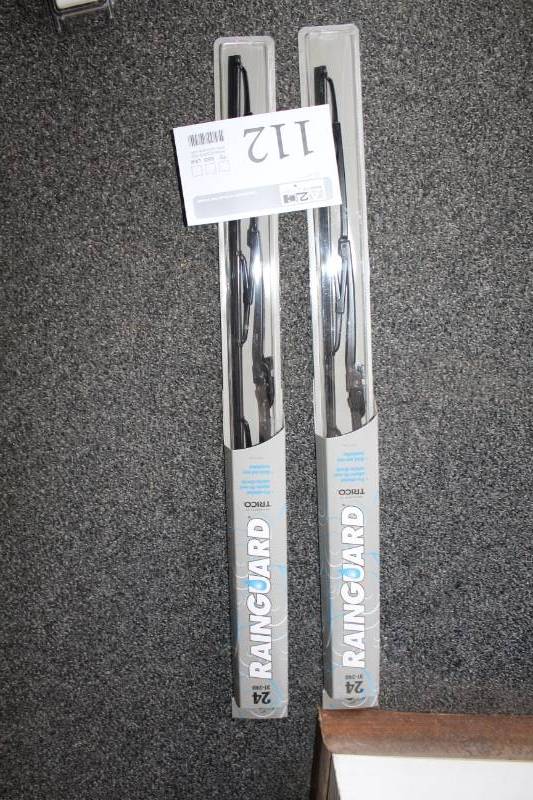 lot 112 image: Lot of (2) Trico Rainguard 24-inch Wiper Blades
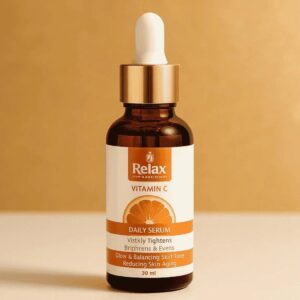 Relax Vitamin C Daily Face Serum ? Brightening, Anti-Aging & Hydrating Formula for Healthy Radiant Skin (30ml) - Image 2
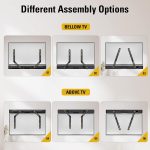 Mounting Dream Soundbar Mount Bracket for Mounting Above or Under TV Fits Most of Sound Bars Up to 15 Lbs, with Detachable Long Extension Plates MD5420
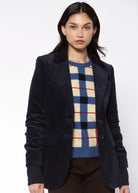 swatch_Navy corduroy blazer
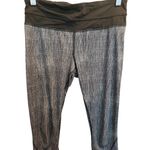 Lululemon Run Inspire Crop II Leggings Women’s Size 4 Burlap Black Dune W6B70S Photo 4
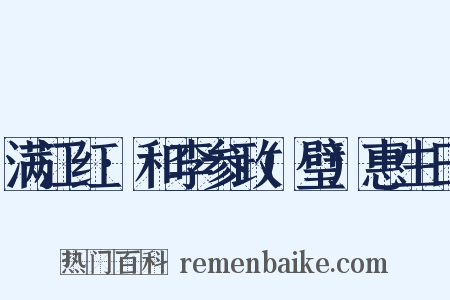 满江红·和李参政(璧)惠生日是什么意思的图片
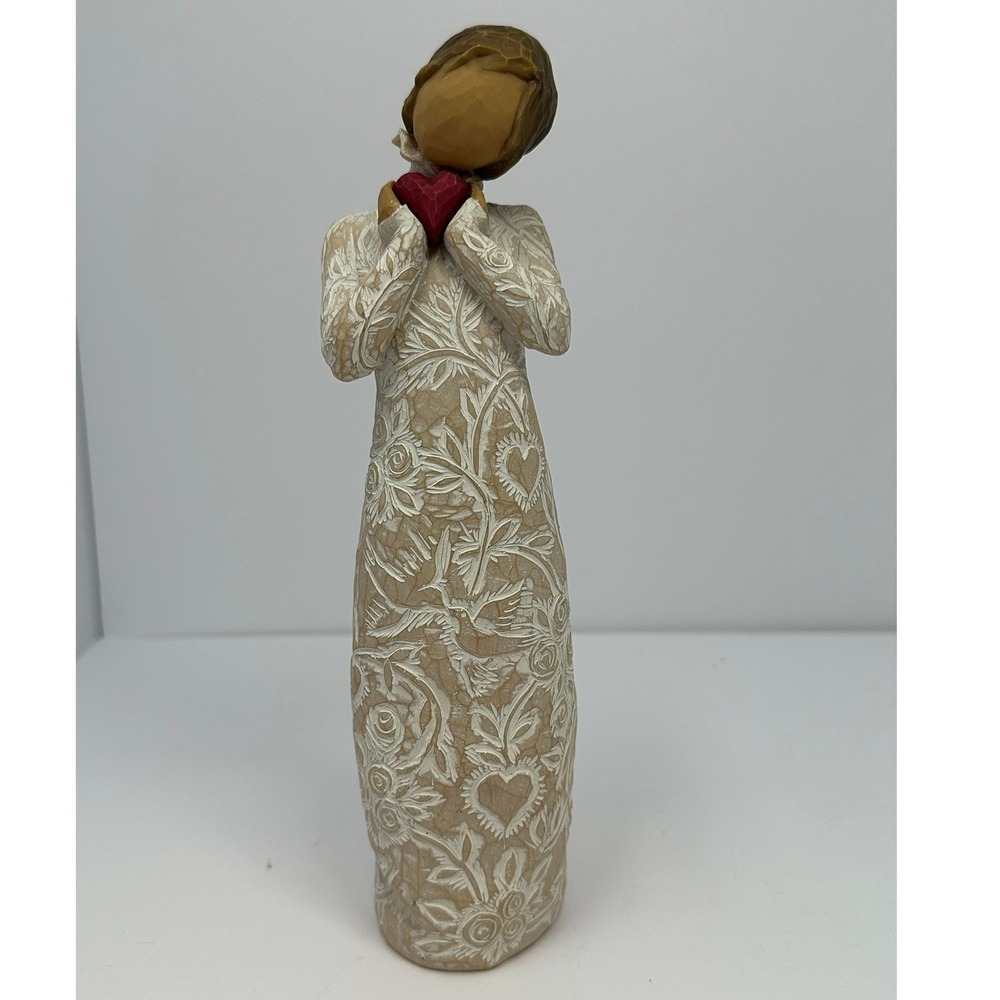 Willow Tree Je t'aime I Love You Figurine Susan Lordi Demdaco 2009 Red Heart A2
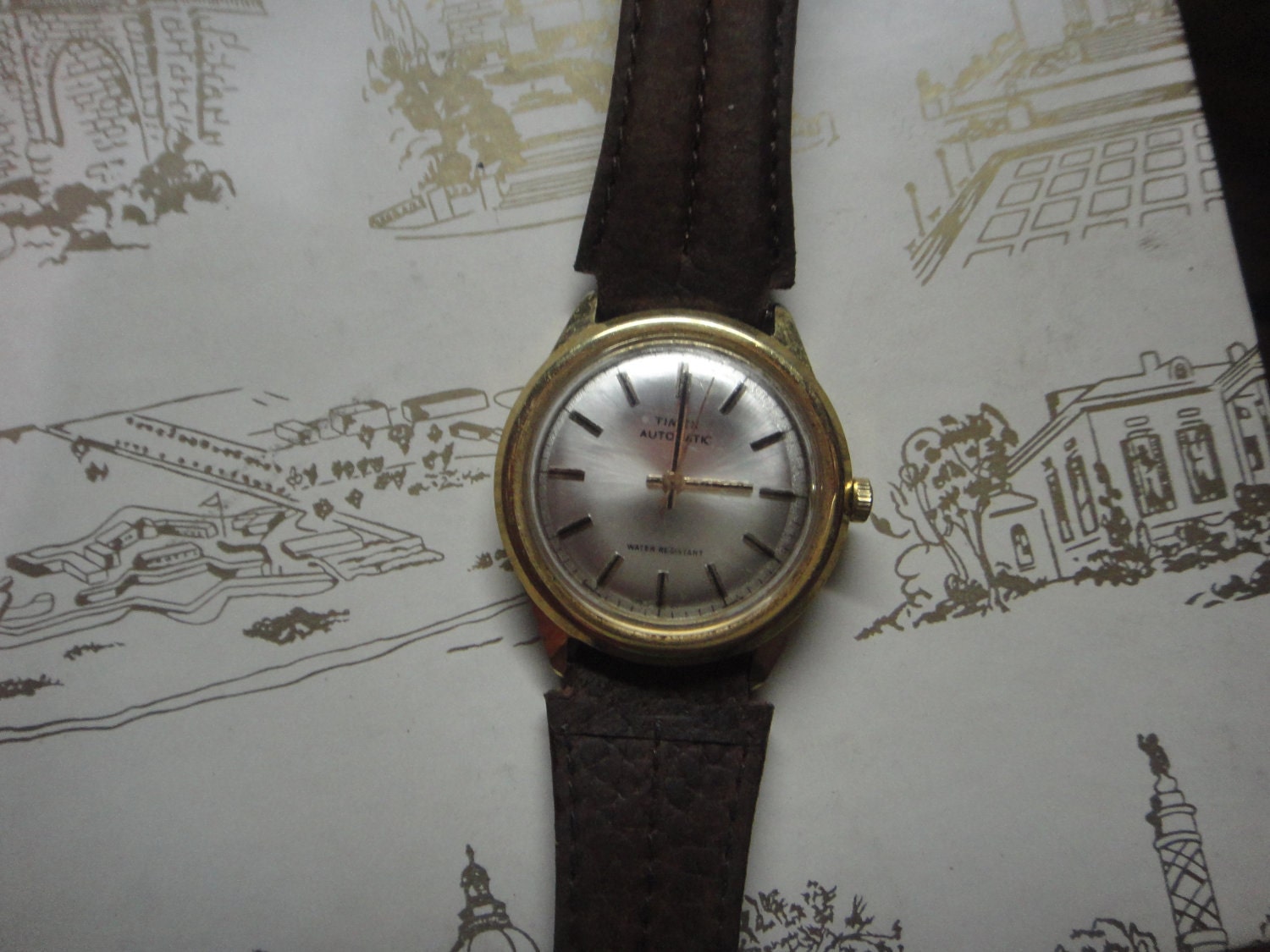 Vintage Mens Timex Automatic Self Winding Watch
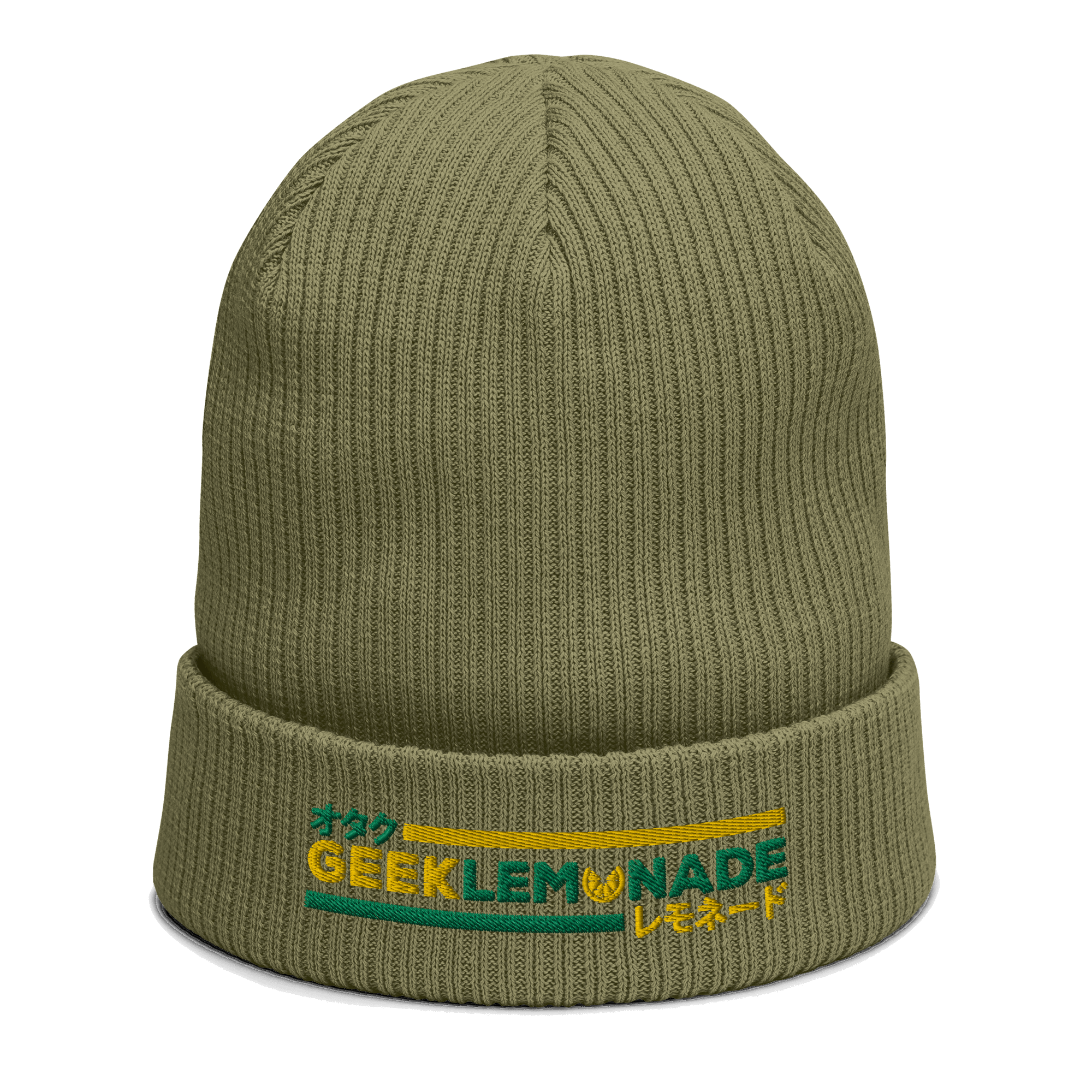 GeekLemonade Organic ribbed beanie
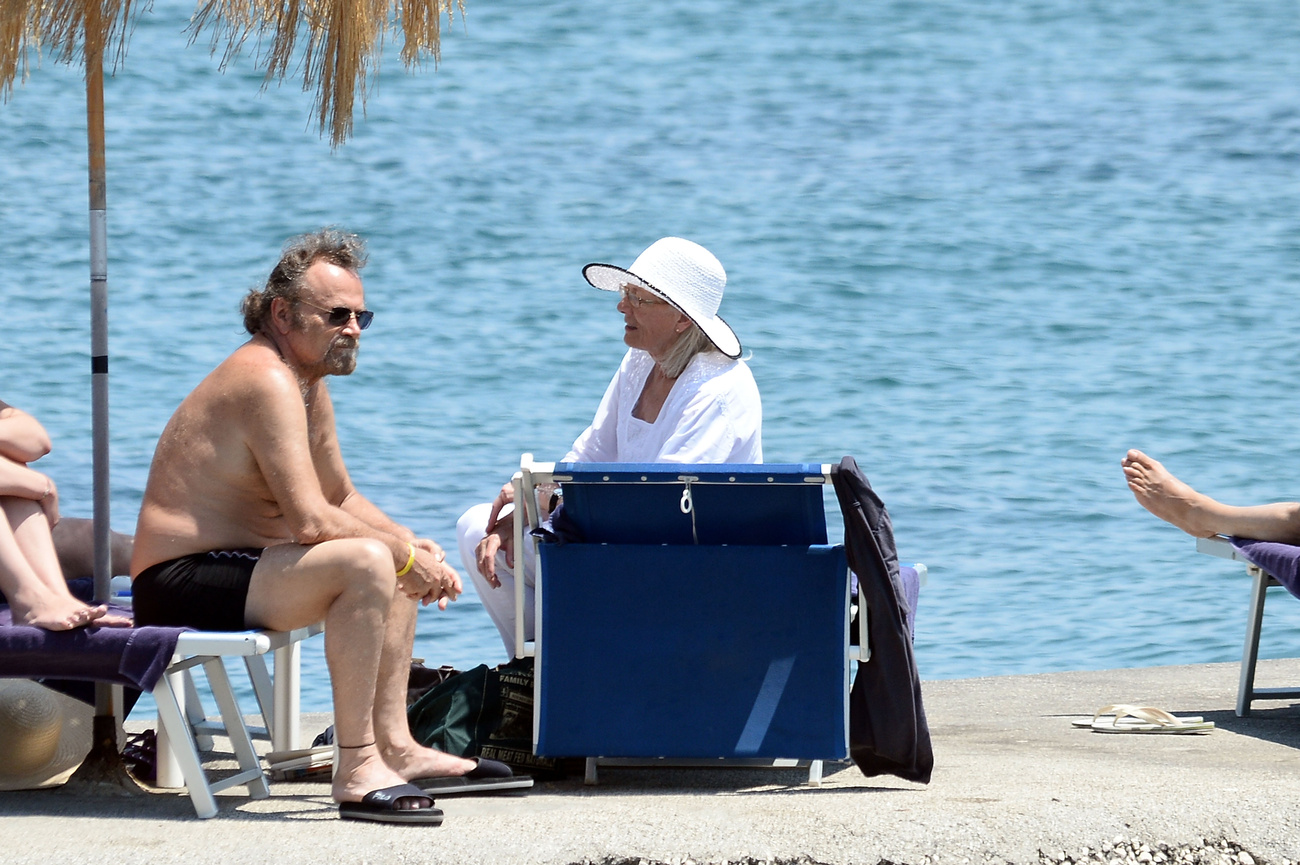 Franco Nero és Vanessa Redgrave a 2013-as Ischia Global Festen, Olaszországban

▸ Your goal: Restate word for word, please, the line containing "Relax Vitamin C" and all lines after it through the end of the material; the pictures do not belong in the copy.

▸ Finished task:
 Relax Vitamin C Daily Face Serum ? Brightening, Anti-Aging & Hydrating Formula for Healthy Radiant Skin (30ml) - Image 2
 Mounting Dream Soundbar Mount Bracket for Mounting Above or Under TV Fits Most of Sound Bars Up to 15 Lbs, with Detachable Long Extension Plates MD5420
 swatch_Navy corduroy blazer
 Lululemon Run Inspire Crop II Leggings Women’s Size 4 Burlap Black Dune W6B70S Photo 4
 满江红·和李参政(璧)惠生日是什么意思的图片
 Willow Tree Je t'aime I Love You Figurine Susan Lordi Demdaco 2009 Red Heart A2
 Vintage Mens Timex Automatic Self Winding Watch
 GeekLemonade Organic ribbed beanie
 Franco Nero és Vanessa Redgrave a 2013-as Ischia Global Festen, Olaszországban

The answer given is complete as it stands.